Mais cedo no palco principal os teatrais Foxygen, que com o seu rock de tons psicadélicos que tira ideias do swing jazz, deixaram a sensação que se tinha assistido a uma banda com o estatuto de headliner que não foi só lá tocar música: foi fazer um verdadeiro espetáculo. De forma semelhante aos anteriores, Benjamin Clementine veio de seguida pisar o palco principal com o estatuto figurativo de cabeça de cartaz, não pela sua performance deslumbrante, mas pela sua história que certamente é conhecida entre os fãs. Praticou, de início, uma forma de comunicação com o público fluente, sem esforço e recíproca que parecia tão singular que ninguém realmente pensou no assunto. Foram proporcionados momentos mágicos pela voz e piano do artista, mas tudo se foi desmorecendo quando recorreu a métodos “baratos” e forçados de cativar a atenção do público, abandonando assim a sua fórmula anterior e perdendo assim a oportunidade um concerto perfeito.

O multi-instrumentalista norte-americano, o experiente faz-tudo-do-rock Ty Segall, foi promovido ao palco principal depois de já ter passado em tempos anteriores no palco secundário. Este artista justificou a promoção com um concerto energético e musicalmente ecléctico, mantendo-se sempre focado nas sonoridades psicadélicas e rítmicas carregadas de fuzz, não fosse essa a sua imagem de marca.

Para últimos e verdadeiros headliners, num dia cheio de distorção sónica e para fechar em grande este festival, foram escolhidos os adorados Foals. Trouxeram-nos as suas deliciosas composições no universo do math rock inglês com dissonâncias e doces melodias em perfeitas proporções que neste festival redefiniram o conceito de espetáculo, com uma energia invejável, instrumentos nítidos tocados com a elegância desajeitada do rock e também com efeitos visuais vistosos inéditos até ao momento e que complementaram optimamente toda a experiência.
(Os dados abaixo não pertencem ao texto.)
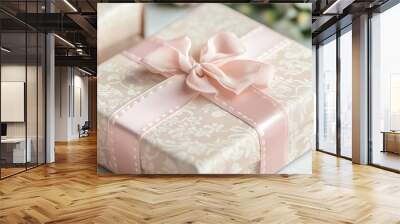 Elegant gift box beautifully wrapped with a pink ribbon, set against a soft floral background for special occasions Wall mural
No contexto de uma edição especial do Paredes de Coura, a organização preparou uma surpresa para celebrar o aniversário. Finado o concerto de Foals começaram a chover confetti e volumosos balões vermelhos que, com um «parabéns a você» interpretado a partir de uma grua, imortalizou esta edição nas memórias de quem a viveu. Para sempre.